Four years is an incredibly short time, and it’s already half over. To paraphrase C.S. Lewis, I’ve been waiting to be this age my entire life, and I’m going to spend the rest of my life trying to stay here. That is an exaggeration, but it does describe my vaguely growing sense of panic at times. But I digress.

So, enriching activities. In addition to crapping words into the latrine of the internet, I plan to spend the rest of the summer reading, painting, and wokring on my music. I vowed the entire schoolyear that I would read the Twilight series over the summer, but the abysmal local library system has failed me. I even attempted to get it from the Columbia downtown library when I was up there visiting, but there were 15 requests ahead of me. In lieu of this, I may tackle LOTR or read the Chronicles of Narnia for the first time since I was about 8 years old. Anything to shake this irrational anti-fiction mood I have been in for the past few years.

I have started painting again. I used to paint when I was a kid, but I was a perfectionist back then and hated everything I produced. (That is worth a future essay in itself.) 8x11 paper is not the best medium for painting anyway. I am not sure when the change occurred, but sometime last year I picked up the brush again and discovered the joys of slathering. Now that I have progressed to canvas and sizable pieces of cardboard, I find immense pleasure in liberally, frantically coating huge sections. One of my favorite techniques is to wad up pieces of paper and blot on splotchy, multicolored backgrounds. I think I enjoy making the backgrounds almost more than the foreground details. It is pure motel art, but it is terribly satisfying.

I am getting my songwriting muse back as well. Songwriting suffers from much the same risk as blogging about personal issues, so that plus an accute awareness of my lack of actual instrumental ability kept me stymied for awhile. However, three semesters of basic lessons later, I have the guitar knowledge to write more complex melodies, and I am more accepting of the voice I was born with. I have some recording equipment and actually recorded a few (bad) songs when I was 14, so I hope to attempt this again now that I have actual musical knowledge and better material and tastes. A good friend told me back then that he would be surprised if I had more than 7 passable songs recorded before college. He was right.
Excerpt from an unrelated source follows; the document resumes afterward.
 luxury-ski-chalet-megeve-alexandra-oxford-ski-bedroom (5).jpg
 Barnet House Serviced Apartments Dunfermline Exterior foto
I’ve been admitting lately that a lot of people were right about things that I was wrong about. There was a time that I would have spent considerable energy trying to make myself look as good as possible upon realization of my wrongness, but that concerns me less now. No, I can’t hold down a job and pay for school and pay for the responsibilities of marriage at the same time. No, I don’t need or even care about a four year degree to teach Sunday school, and no, I don’t like teaching as much as I thought I would. But that’s all okay. I haven’t wasted time. I haven’t screwed up my shot at a perfect life. I’ve learned things that I couldn’t have learned without those experiences, and that’s okay. I hope this realization is a sign of growing up, because somewhere under the goth clothes and living off my dad and trying desperately to be a social butterfly, there lies a 21 year old woman.